(Caption-style text data)
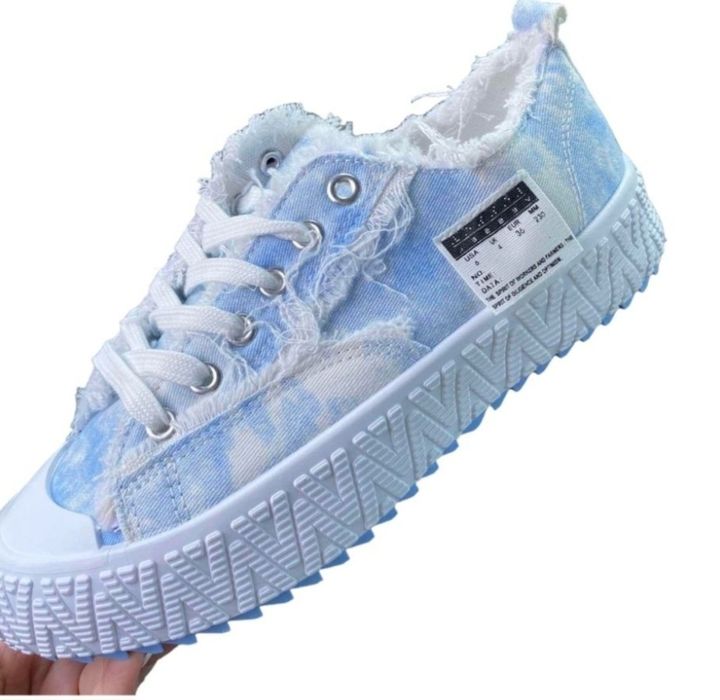 Trampki dekatyzowane z przetarciami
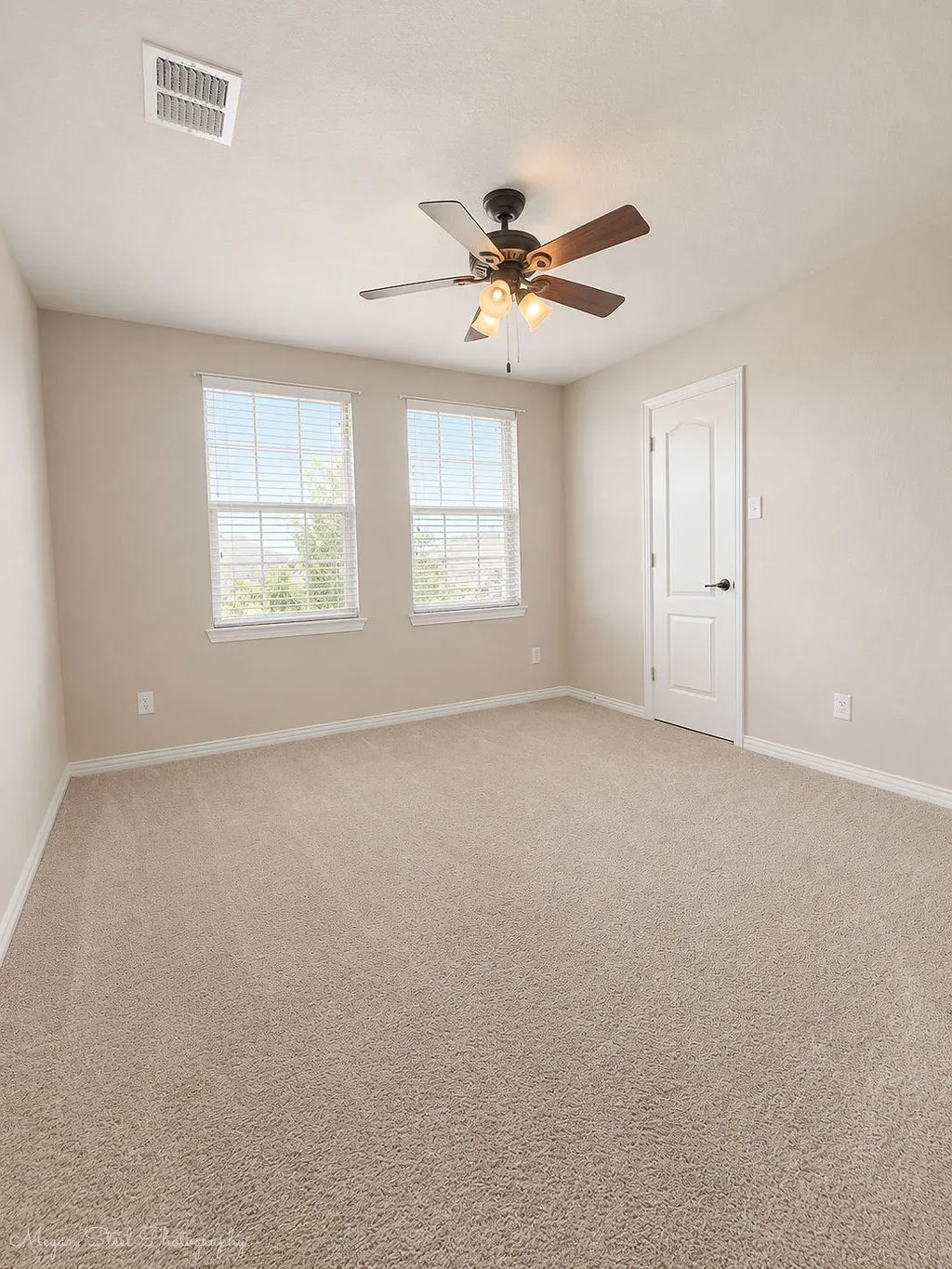 Single Family Residence For Sale in Parker County , 1533 Salado Trail, Weatherford, Texas 76087, 4 Bedroom, 3 Bathroom, 2 Garage spaces, 2,193 Sqft, built in 2013, mls#21358403, Real Estate Agent in Weatherford, Homes For Sale in Parker county, Homes For Sale in Weatherford, Realtor in Weatherford Texas, Real Estate Brokerage Independent Realty Texas, Luminita Cordes Realtor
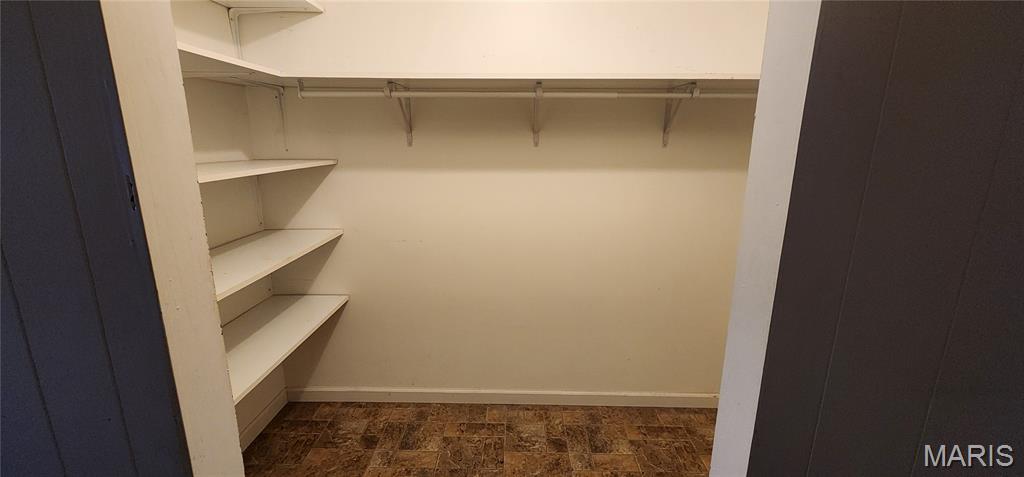 925 Swanwick Street Chester, IL 62233 - Photo 22 of 26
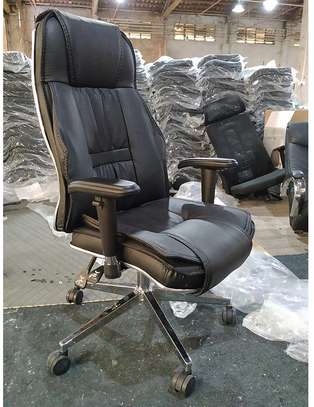 Executive  Office Leather  Chair image 4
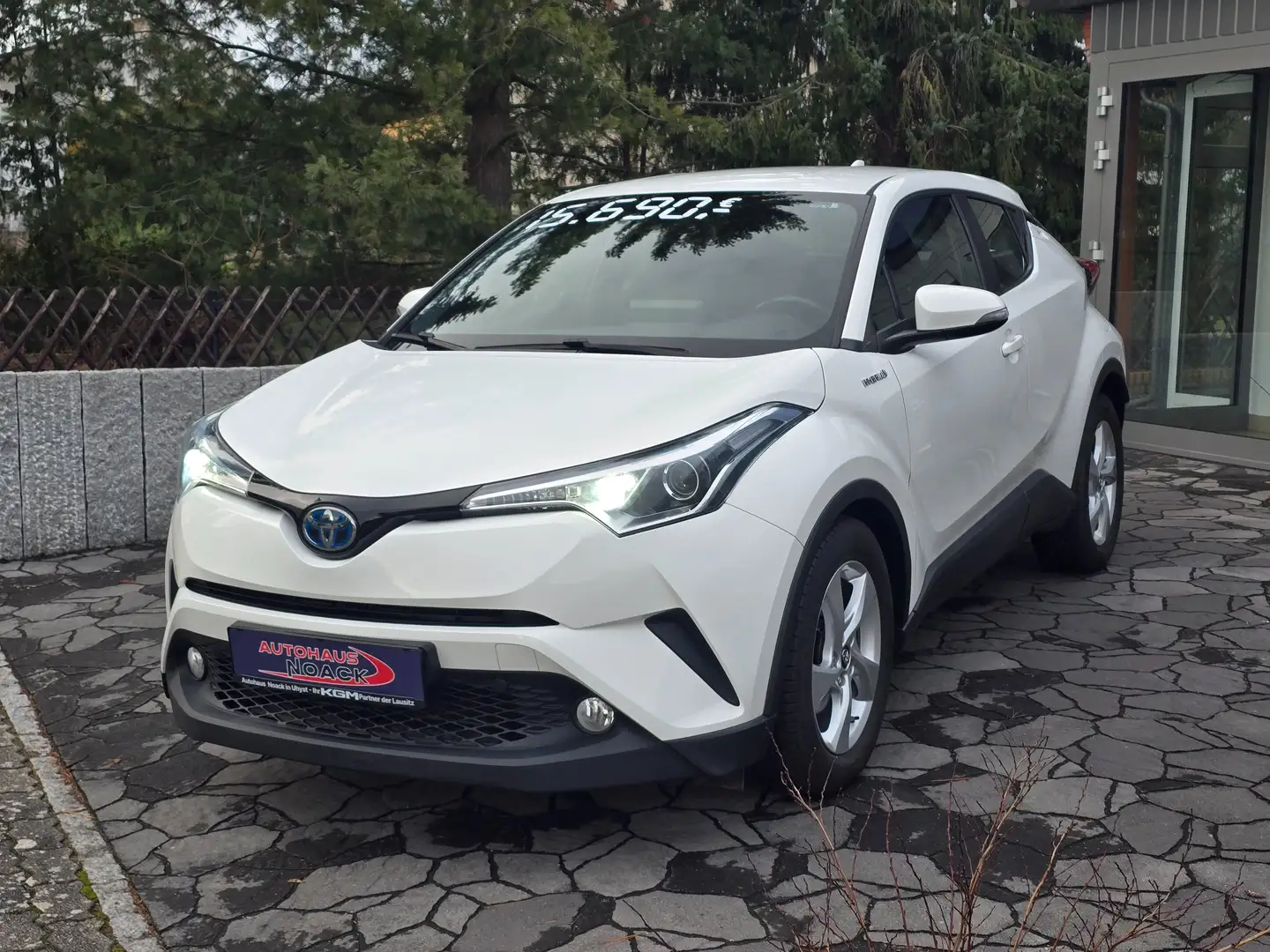 Toyota C-HR Hybrid Flow Weiß - 2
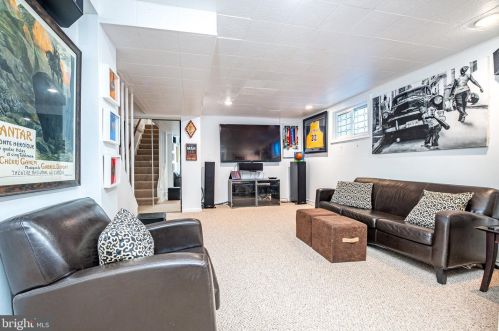 9408 Colesville Rd, Silver Spring MD 20901-4820 exterior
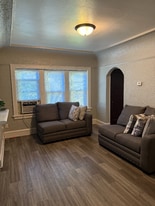 417 N 39th St in Milwaukee, WI - Building Photo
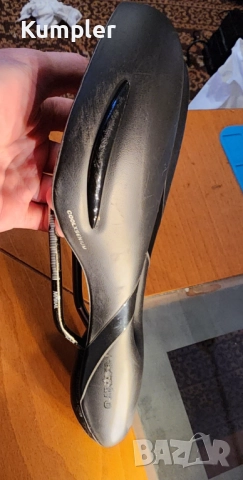 Велосипедна седалка с прорез за вентилация – удобна за топло време, снимка 3 - Части за велосипеди - 52952553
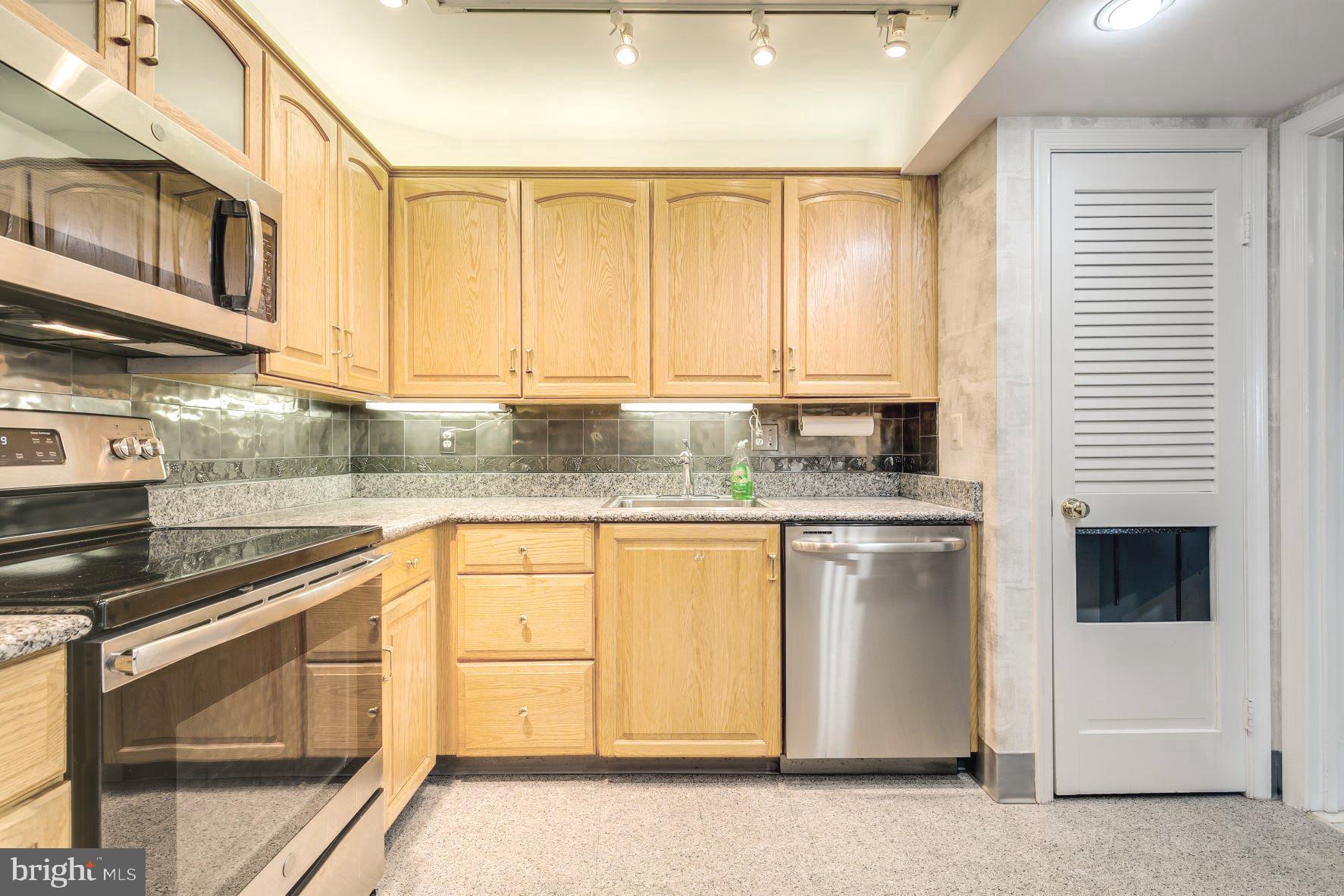 THE REPRESENTATIVE - Residential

(YOUR TASK)
Each entry must be set down word for word; no image may be carried over.

(RESULT OF THE TASK)
 Trampki dekatyzowane z przetarciami
 Single Family Residence For Sale in Parker County , 1533 Salado Trail, Weatherford, Texas 76087, 4 Bedroom, 3 Bathroom, 2 Garage spaces, 2,193 Sqft, built in 2013, mls#21358403, Real Estate Agent in Weatherford, Homes For Sale in Parker county, Homes For Sale in Weatherford, Realtor in Weatherford Texas, Real Estate Brokerage Independent Realty Texas, Luminita Cordes Realtor
 925 Swanwick Street Chester, IL 62233 - Photo 22 of 26
 Executive  Office Leather  Chair image 4
 Toyota C-HR Hybrid Flow Weiß - 2
 9408 Colesville Rd, Silver Spring MD 20901-4820 exterior
 417 N 39th St in Milwaukee, WI - Building Photo
 Велосипедна седалка с прорез за вентилация – удобна за топло време, снимка 3 - Части за велосипеди - 52952553
 THE REPRESENTATIVE - Residential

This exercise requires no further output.